*What this task involves*
Beginning with the line that holds "Casa, 4 quartos, 270 m² - Foto 18", copy each line exactly through the end of the entries, but leave the pictures out.

Image-caption web data:
******************************

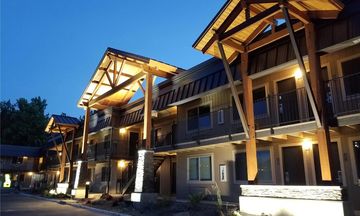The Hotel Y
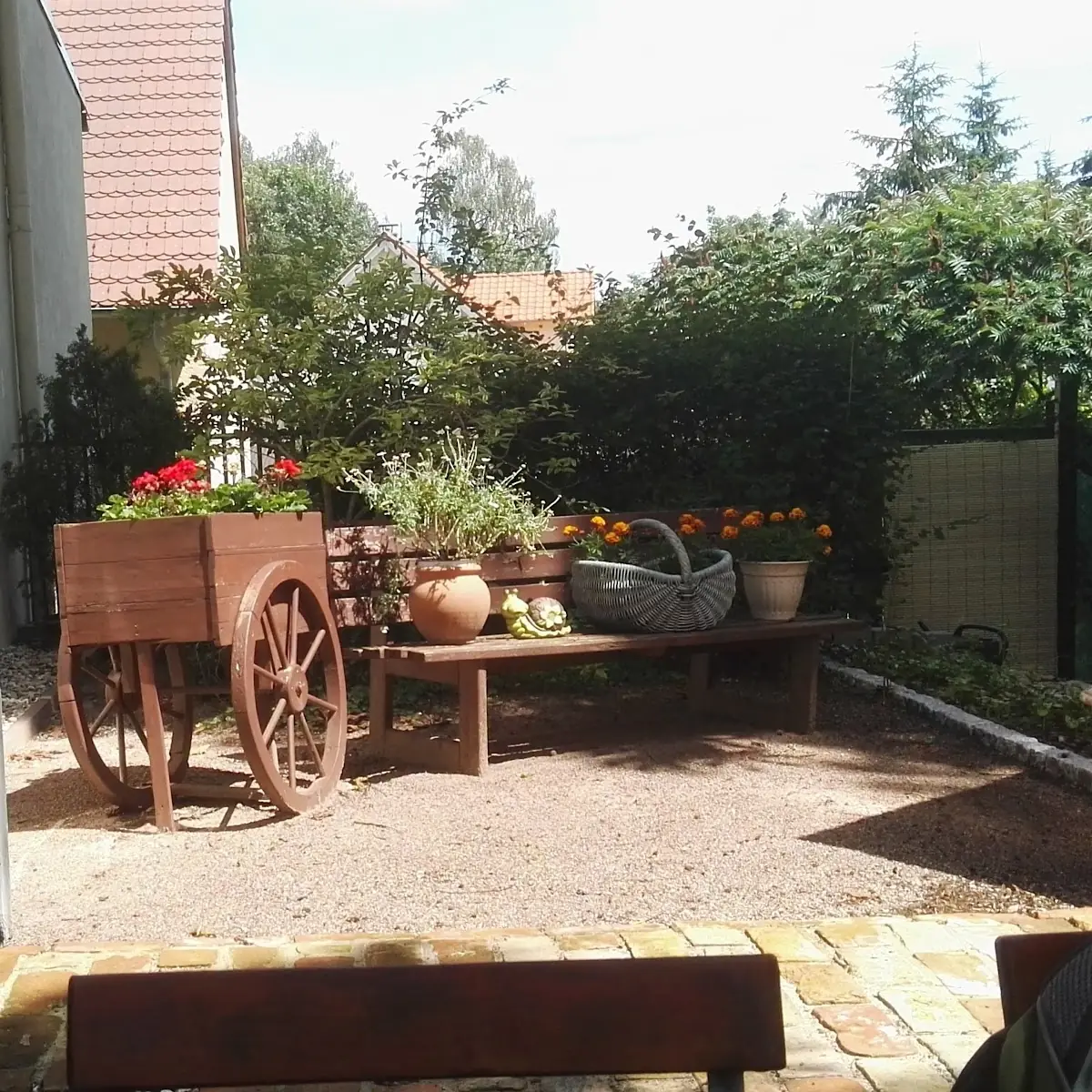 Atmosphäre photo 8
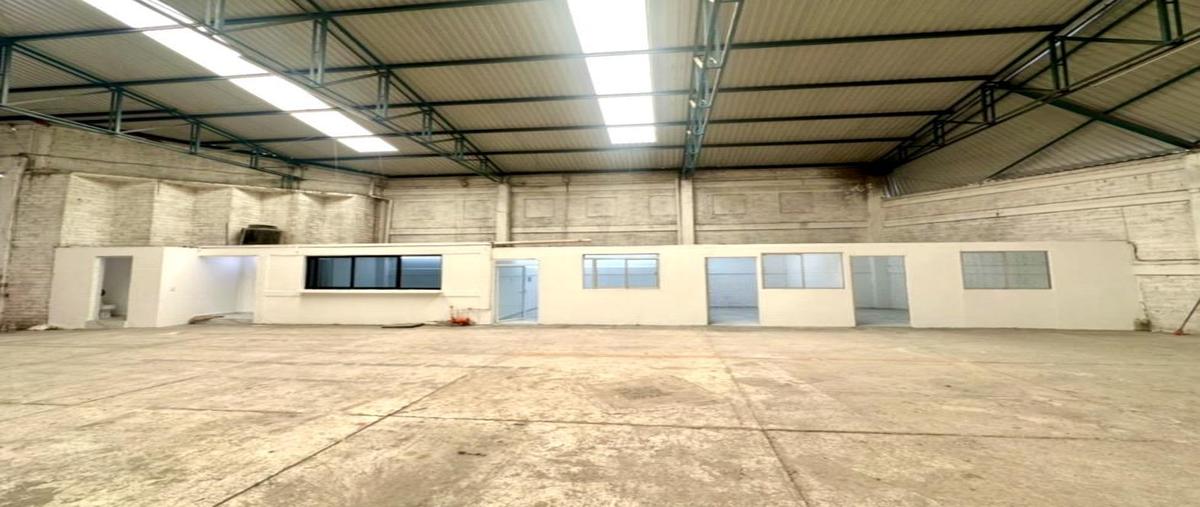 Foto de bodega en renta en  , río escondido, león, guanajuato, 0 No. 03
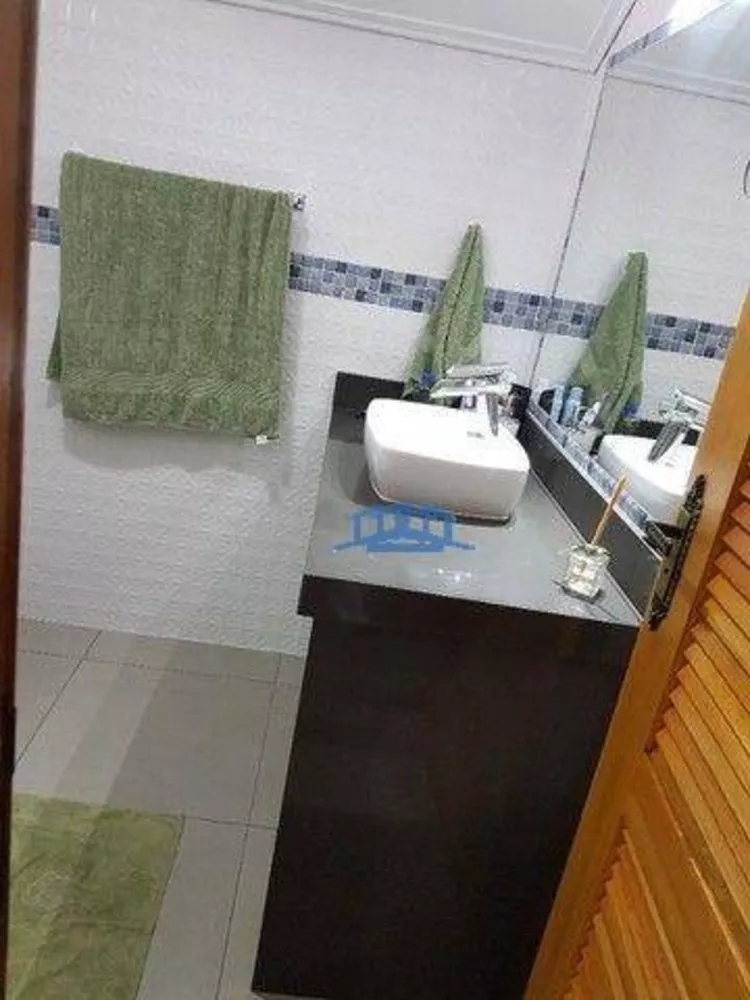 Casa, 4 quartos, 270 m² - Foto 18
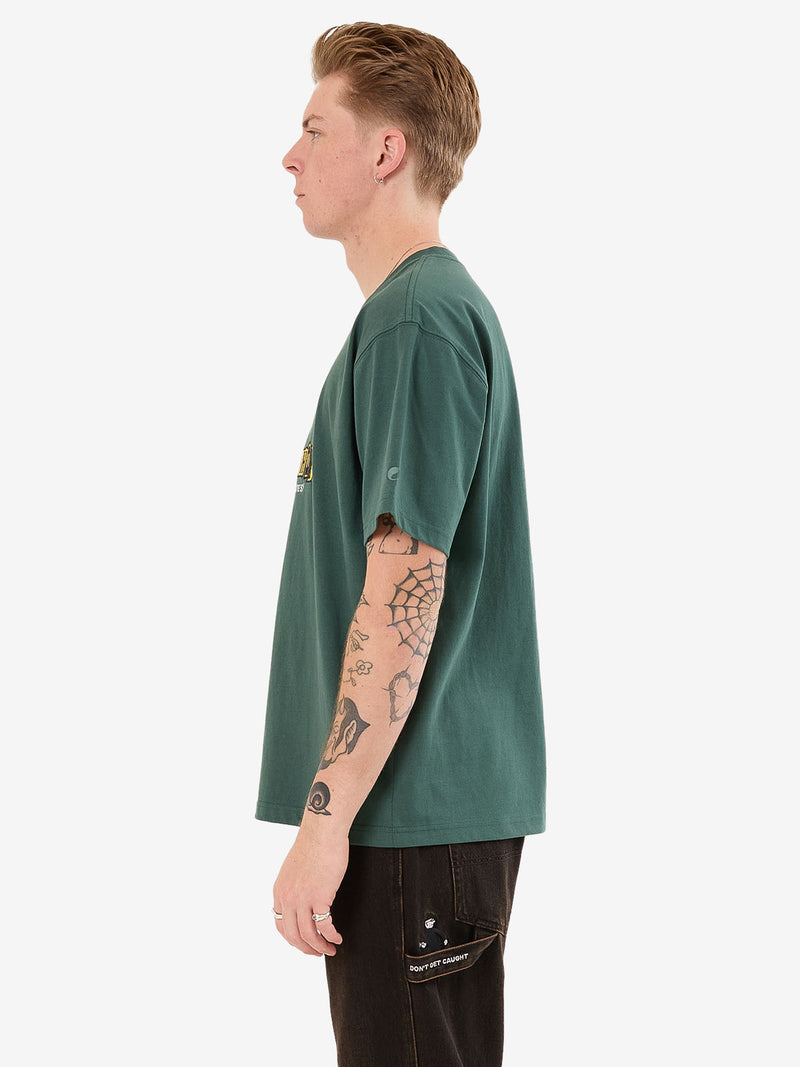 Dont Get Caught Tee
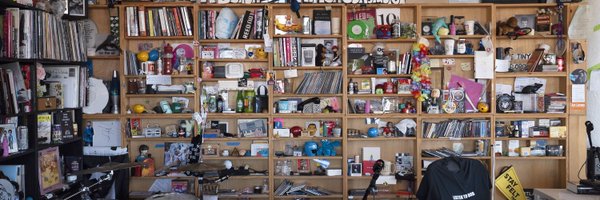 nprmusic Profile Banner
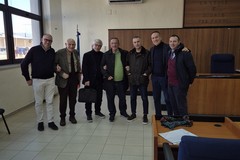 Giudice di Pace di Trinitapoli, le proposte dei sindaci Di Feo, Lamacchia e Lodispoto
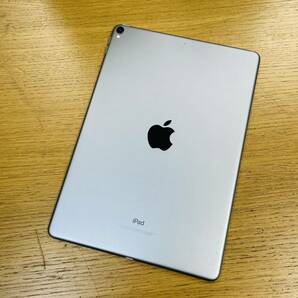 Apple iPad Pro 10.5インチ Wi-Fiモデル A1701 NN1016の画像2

******************************

*Task output*
 Casa, 4 quartos, 270 m² - Foto 18
 Dont Get Caught Tee
 nprmusic Profile Banner
 Giudice di Pace di Trinitapoli, le proposte dei sindaci Di Feo, Lamacchia e Lodispoto
 Apple iPad Pro 10.5インチ Wi-Fiモデル A1701 NN1016の画像2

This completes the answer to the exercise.